Nella fattispecie, si è già riportato che, ai fini del rilascio del provvedimento di AIA, il Ministro dell’Ambiente ha, espressamente, ritenuto il “superamento” della condizione n. 1, apposta alla VIA.
Di talché, il cuore della presente impugnativa, è in realtà rappresentato proprio, come meglio si spiegherà appresso, dalla natura di tale condizione e dalla questione della sua perdurante efficacia, senza che alcuna preclusione possa derivare dall’omessa impugnativa della “parallela” procedura di autorizzazione unica.
2. Ciò premesso, è possibile passare all’esame del merito del ricorso.
Nell’ordine logico delle questioni, viene in rilievo, in primo luogo, quella relativa alla pretesa incompetenza del Ministero dell’Ambiente.
2.1. La censura è destituita di fondamento.
Se è vero, infatti, che l’art. 2, lett. i) del d.lgs. n. 59/2005 (nel testo applicabile ratione temporis), definiva l’autorità competente al rilascio dell’AIA come “i) [...] il Ministero dell'ambiente e della tutela del territorio per tutti gli impianti esistenti e nuovi di competenza statale indicati nell'allegato V o, per gli altri impianti, l'autorità individuata, tenendo conto dell'esigenza di definire un unico procedimento per il rilascio dell'autorizzazione integrata ambientale, dalla regione o dalla provincia autonoma”, il successivo art. 5, comma 12, del medesimo decreto attribuiva espressamente la competenza, in ambito ministeriale, allo stesso Organo di vertice (“L'autorizzazione per impianti di competenza statale di cui all'allegato V del presente decreto è rilasciata con decreto del Ministro dell'ambiente e della tutela del territorio [...]”).
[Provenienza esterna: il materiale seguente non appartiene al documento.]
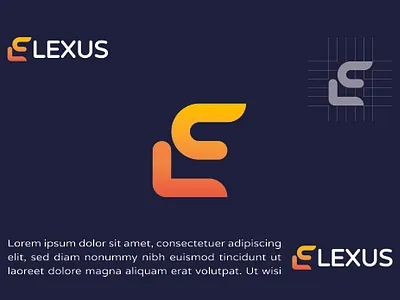 Letter L E combine logo app icon best logo designer branding crative logo creative flat logo gradient illustrator letter mark logo design modern logo typography unique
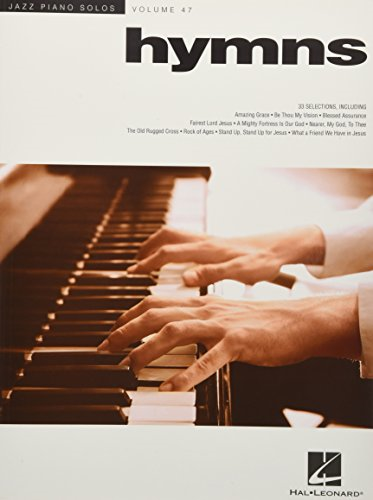 JAZZ PIANO SOLOS VOLUME 47 HYMNS PF SOLO BOOK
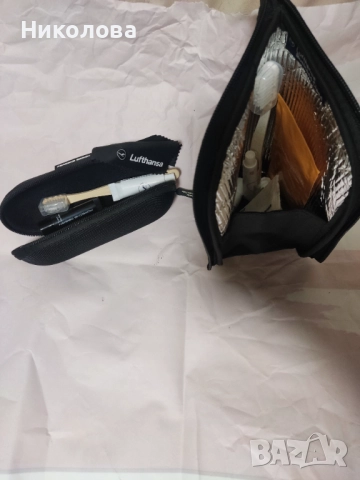 Кутия за очила и хладилен несесер PORSCHE DESIGN Lufthansa,, снимка 6 - Други - 52675152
2.2. Il WWF, peraltro (sia pure con riferimento alla modifiche introdotte dall’art. 2 del d.lgs. n. 128/2010, all’art. 7 del d.lgs. n. 152/2006 – il quale oggi analogamente prevede, al comma 5, ultimo periodo, che “Il provvedimento di AIA è rilasciato dal Ministro dell'ambiente e della tutela del territorio e del mare sentiti il Ministro dell'interno, il Ministro del lavoro e delle politiche sociali, il Ministro della salute, il Ministro dello sviluppo economico e il Ministro delle politiche agricole, alimentari e forestali”), ha sollevato questione di legittimità costituzionale delle norme attributive di siffatta competenza, sotto diversi profili, sia formali che sostanziali.
Al riguardo, il Collegio osserva, in primo luogo, di non poter convenire con l’eccezione svolta da Luminosa, secondo cui la questione non è rilevante nel presente giudizio poiché la stessa è stata testualmente riferita dal WWF ad una norma (l’art. 7, d.lgs. 152/2006, nel testo modificato dal c.d. “terzo correttivo” in materia ambientale) non applicabile alla fattispecie.
E’ pacifico, infatti, che tra i compiti del giudice vi è quello di qualificare la fattispecie ed individuare le norme applicabili, secondo il principio iura novit curia (cfr. Cons. St., sez. V, 8 febbraio 2011, n. 854)..
Nel caso in esame, uno di vizi dedotti è, inequivocabilmente, il difetto di competenza del Ministro, di talché – sussistendo invece tale competenza in forza di una norma primaria dal tenore del tutto perspicuo, sebbene diversa da quella individuata dalla parte – il motivo medesimo dovrebbe essere rigettato.
Detto in altri termini, lo scrutinio della norma sulla competenza è per il giudice un passaggio obbligato ai fini della definizione, sul punto, della questione controversa. Il che rende il sospetto di incostituzionalità sollevato dal WWW, comunque rilevante ai fini del decidere (cfr., al riguardo, la stessa Corte costituzionale 12 febbraio 2010, n. 46, citata, ex adverso, da Luminosa).
Per quanto occorrer possa, si rileva comunque che la modifica inserita nell’art. 7 del d.lgs. n. 152/2006, dall’art. 2 del c.d. “terzo correttivo” in materia ambientale, si è resa necessaria in ragione del fatto, che, come noto, tale decreto, ha inserito, nella Parte Seconda del d.lgs. n. 152 del 2006, il nuovo Titolo III bis, nel quale è contenuta la disciplina dell’autorizzazione integrata ambientale (AIA), in precedenza rinvenibile nel più volte decreto legislativo 18 febbraio 2005, n. 59, che è stato contestualmente abrogato; disciplina che viene dunque ad affiancarsi a quelle della valutazione ambientale strategica (VAS) e della valutazione di impatto ambientale (VIA).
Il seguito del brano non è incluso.